Les rayons du Soleil procurent à tout corps qui les reçoivent une certaine quantité d’énergie. On désigne par albédo la part qui est réfléchie, contre la part absorbée. Un corps clair a un albédo fort car très réfléchissant. C’est le cas de la neige. Un corps sombre est peu réfléchissant et a donc un albédo faible.

« Le cycle de rétroaction positive via l’albédo et la forte absorption de la chaleur par les sols moins enneigés joue un rôle indéniable pour l’obtention de forte chaleur au-delà du cercle arctique », nous explique le météorologue. En clair, un hiver plus doux (donc plus chaud sur l’échelle des températures) a provoqué une moindre persistance des neiges en Sibérie sur le printemps. En l’absence de cette neige, la lumière du Soleil se reflète moins, le sol absorbe plus de chaleur, les températures augmentent, la neige continue alors de fondre davantage, et ainsi de suite.

Cet hiver plus doux dans le Nord est, quant à lui, causé une « anomalie de circulation en Arctique, l’oscillation arctique positive qui favorise une concentration du vortex polaire au-dessus du pôle ». Une anomalie de circulation provoque une persistance des anticyclones, lesquels favorisent un temps sec et ensoleillé. Ces anomalies dans la circulation de l’air ne sont plus vraiment surprenantes pour la région, nous précise Gaétan Heymes. « Elles s’inscrivent dans le schéma bien connu de l’amplification arctique. » En effet, face à un équilibre changeant, l’Arctique connaît un réchauffement plus rapide que la moyenne planétaire. En somme : la corrélation partielle entre le changement climatique et ce pic est clairement visible, mais la causalité n’est pas établie.

Cette vague de chaleur arctique de 2020 n’est en tout cas pas sans conséquence : les fortes chaleurs et le ciel dégagé par l’air doux accélèrent la fonte des glaces.

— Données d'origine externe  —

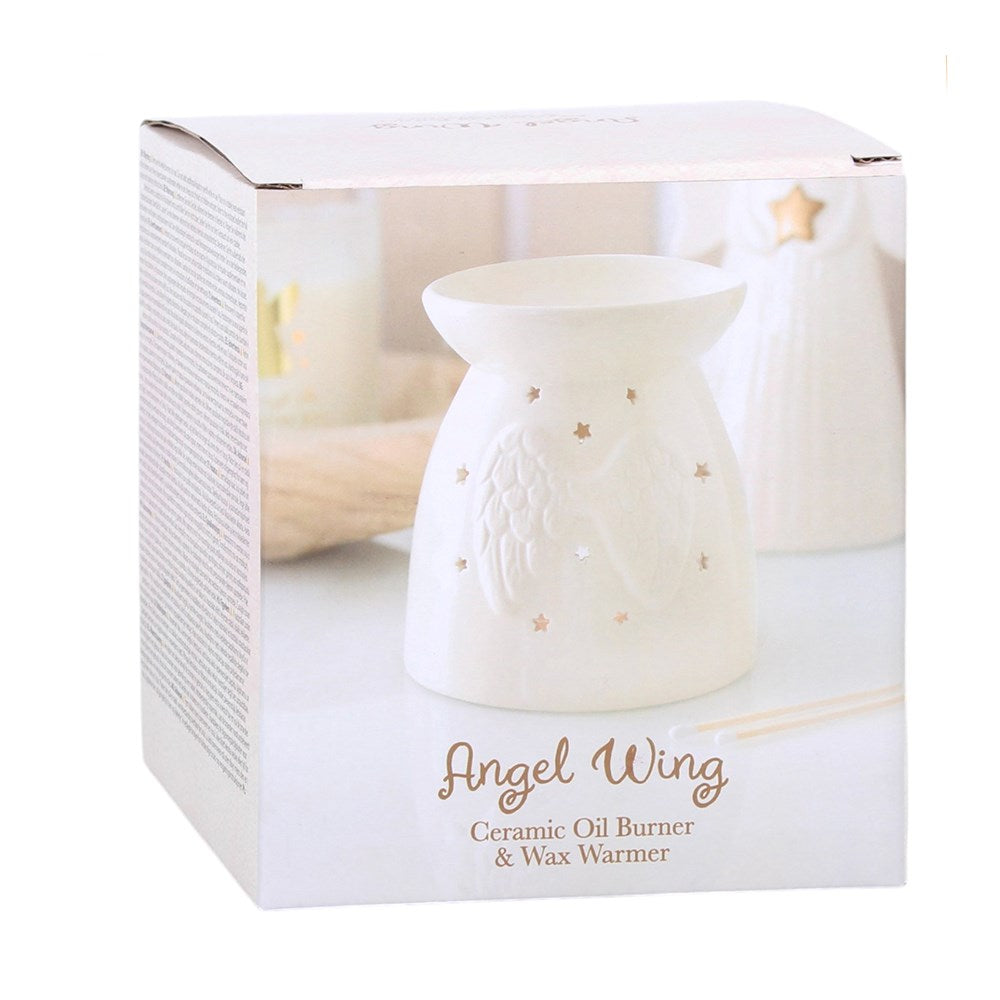 3D Angel Wing Oil Burner and Wax Warmer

Un résultat déjà observable concrètement, puisque la fonte estivale de la mer de Kara a d’ores et déjà commencé. Le climatologue Zack Labe a posté un graphique où l’on voit bien ce phénomène de fonte précoce : il représente les périodes de fonte des glaces de la mer de Kara de 1979 à nos jours. En rouge, c’est 2020.

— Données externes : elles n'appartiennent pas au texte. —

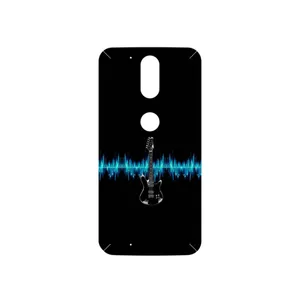 MAHOOT Electric Guitar Cover Sticker for Motorola Moto G4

En 2020, l'épisode de fonte de la mer glacée de Kara, comparé aux autres années. // Source : @ZLabe

En 2020, l'épisode de fonte de la mer glacée de Kara, comparé aux autres années.

Source : @ZLabe

Cet épisode s’inscrit dans la continuité des événements climatiques extrêmes qui secouent l’Arctique depuis quelques années. Dès l’été 2018, on parlait de températures largement au-dessus de la moyenne dans la région en août. En 2019, la communauté humaine la plus au nord du Canada relevait un record historique de température. Quant au Groenland, l’année 2019 a signé de son côté un record en matière de fonte des glaces en une seule journée, un phénomène qui pourrait se reproduire en 2020 puisque la vague de chaleur en Arctique touche le Goenland. Rappelons que ces fontes massives ont un impact sur le reste du monde, puisqu’année après année, cela contribue à l’élévation des mers.